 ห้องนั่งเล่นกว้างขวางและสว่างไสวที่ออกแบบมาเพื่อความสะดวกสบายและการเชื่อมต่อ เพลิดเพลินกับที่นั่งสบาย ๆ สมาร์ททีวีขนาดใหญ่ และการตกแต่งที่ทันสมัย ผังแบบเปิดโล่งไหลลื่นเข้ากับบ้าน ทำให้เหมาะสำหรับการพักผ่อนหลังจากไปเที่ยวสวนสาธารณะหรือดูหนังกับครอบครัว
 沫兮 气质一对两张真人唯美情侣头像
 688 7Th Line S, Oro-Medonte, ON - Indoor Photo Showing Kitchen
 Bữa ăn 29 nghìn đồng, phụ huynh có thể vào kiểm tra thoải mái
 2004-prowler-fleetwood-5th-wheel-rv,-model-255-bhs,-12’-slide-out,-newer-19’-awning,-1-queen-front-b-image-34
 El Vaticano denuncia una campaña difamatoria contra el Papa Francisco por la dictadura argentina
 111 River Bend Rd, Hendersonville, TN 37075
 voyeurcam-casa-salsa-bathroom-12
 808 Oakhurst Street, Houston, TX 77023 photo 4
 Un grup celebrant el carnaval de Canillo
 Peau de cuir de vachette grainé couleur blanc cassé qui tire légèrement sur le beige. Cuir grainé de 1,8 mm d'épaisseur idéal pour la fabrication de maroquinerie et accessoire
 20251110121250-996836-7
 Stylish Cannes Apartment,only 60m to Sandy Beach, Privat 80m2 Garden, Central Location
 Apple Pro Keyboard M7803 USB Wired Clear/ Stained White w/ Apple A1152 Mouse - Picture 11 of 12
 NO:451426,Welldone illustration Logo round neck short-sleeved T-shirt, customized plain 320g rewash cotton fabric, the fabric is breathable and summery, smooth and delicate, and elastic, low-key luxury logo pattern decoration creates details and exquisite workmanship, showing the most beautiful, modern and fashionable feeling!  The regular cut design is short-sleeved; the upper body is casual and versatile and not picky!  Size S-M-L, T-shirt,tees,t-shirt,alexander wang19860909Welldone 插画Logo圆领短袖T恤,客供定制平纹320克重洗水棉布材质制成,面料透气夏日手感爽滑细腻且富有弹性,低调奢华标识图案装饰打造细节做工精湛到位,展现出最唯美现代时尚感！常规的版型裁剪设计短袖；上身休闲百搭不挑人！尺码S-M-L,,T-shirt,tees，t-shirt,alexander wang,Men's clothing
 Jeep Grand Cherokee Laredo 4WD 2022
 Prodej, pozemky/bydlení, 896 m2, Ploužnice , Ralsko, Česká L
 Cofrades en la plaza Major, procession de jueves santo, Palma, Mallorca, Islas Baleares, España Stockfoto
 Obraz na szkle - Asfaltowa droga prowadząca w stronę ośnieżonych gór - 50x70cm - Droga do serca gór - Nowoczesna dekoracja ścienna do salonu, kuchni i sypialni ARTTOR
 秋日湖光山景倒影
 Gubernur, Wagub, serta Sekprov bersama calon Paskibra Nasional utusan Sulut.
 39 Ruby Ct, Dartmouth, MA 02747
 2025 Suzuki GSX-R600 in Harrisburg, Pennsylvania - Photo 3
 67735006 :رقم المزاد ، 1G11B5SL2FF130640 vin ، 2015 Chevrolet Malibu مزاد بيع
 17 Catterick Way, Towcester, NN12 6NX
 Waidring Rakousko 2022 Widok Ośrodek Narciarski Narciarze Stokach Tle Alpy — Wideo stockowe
□ □ □
- _Your objective_: Reproduce, please, every line of the records above without alteration.

- _Answer section_:
 ห้องนั่งเล่นกว้างขวางและสว่างไสวที่ออกแบบมาเพื่อความสะดวกสบายและการเชื่อมต่อ เพลิดเพลินกับที่นั่งสบาย ๆ สมาร์ททีวีขนาดใหญ่ และการตกแต่งที่ทันสมัย ผังแบบเปิดโล่งไหลลื่นเข้ากับบ้าน ทำให้เหมาะสำหรับการพักผ่อนหลังจากไปเที่ยวสวนสาธารณะหรือดูหนังกับครอบครัว
 沫兮 气质一对两张真人唯美情侣头像
 688 7Th Line S, Oro-Medonte, ON - Indoor Photo Showing Kitchen
 Bữa ăn 29 nghìn đồng, phụ huynh có thể vào kiểm tra thoải mái
 2004-prowler-fleetwood-5th-wheel-rv,-model-255-bhs,-12’-slide-out,-newer-19’-awning,-1-queen-front-b-image-34
 El Vaticano denuncia una campaña difamatoria contra el Papa Francisco por la dictadura argentina
 111 River Bend Rd, Hendersonville, TN 37075
 voyeurcam-casa-salsa-bathroom-12
 808 Oakhurst Street, Houston, TX 77023 photo 4
 Un grup celebrant el carnaval de Canillo
 Peau de cuir de vachette grainé couleur blanc cassé qui tire légèrement sur le beige. Cuir grainé de 1,8 mm d'épaisseur idéal pour la fabrication de maroquinerie et accessoire
 20251110121250-996836-7
 Stylish Cannes Apartment,only 60m to Sandy Beach, Privat 80m2 Garden, Central Location
 Apple Pro Keyboard M7803 USB Wired Clear/ Stained White w/ Apple A1152 Mouse - Picture 11 of 12
 NO:451426,Welldone illustration Logo round neck short-sleeved T-shirt, customized plain 320g rewash cotton fabric, the fabric is breathable and summery, smooth and delicate, and elastic, low-key luxury logo pattern decoration creates details and exquisite workmanship, showing the most beautiful, modern and fashionable feeling!  The regular cut design is short-sleeved; the upper body is casual and versatile and not picky!  Size S-M-L, T-shirt,tees,t-shirt,alexander wang19860909Welldone 插画Logo圆领短袖T恤,客供定制平纹320克重洗水棉布材质制成,面料透气夏日手感爽滑细腻且富有弹性,低调奢华标识图案装饰打造细节做工精湛到位,展现出最唯美现代时尚感！常规的版型裁剪设计短袖；上身休闲百搭不挑人！尺码S-M-L,,T-shirt,tees，t-shirt,alexander wang,Men's clothing
 Jeep Grand Cherokee Laredo 4WD 2022
 Prodej, pozemky/bydlení, 896 m2, Ploužnice , Ralsko, Česká L
 Cofrades en la plaza Major, procession de jueves santo, Palma, Mallorca, Islas Baleares, España Stockfoto
 Obraz na szkle - Asfaltowa droga prowadząca w stronę ośnieżonych gór - 50x70cm - Droga do serca gór - Nowoczesna dekoracja ścienna do salonu, kuchni i sypialni ARTTOR
 秋日湖光山景倒影
 Gubernur, Wagub, serta Sekprov bersama calon Paskibra Nasional utusan Sulut.
 39 Ruby Ct, Dartmouth, MA 02747
 2025 Suzuki GSX-R600 in Harrisburg, Pennsylvania - Photo 3
 67735006 :رقم المزاد ، 1G11B5SL2FF130640 vin ، 2015 Chevrolet Malibu مزاد بيع
 17 Catterick Way, Towcester, NN12 6NX
 Waidring Rakousko 2022 Widok Ośrodek Narciarski Narciarze Stokach Tle Alpy — Wideo stockowe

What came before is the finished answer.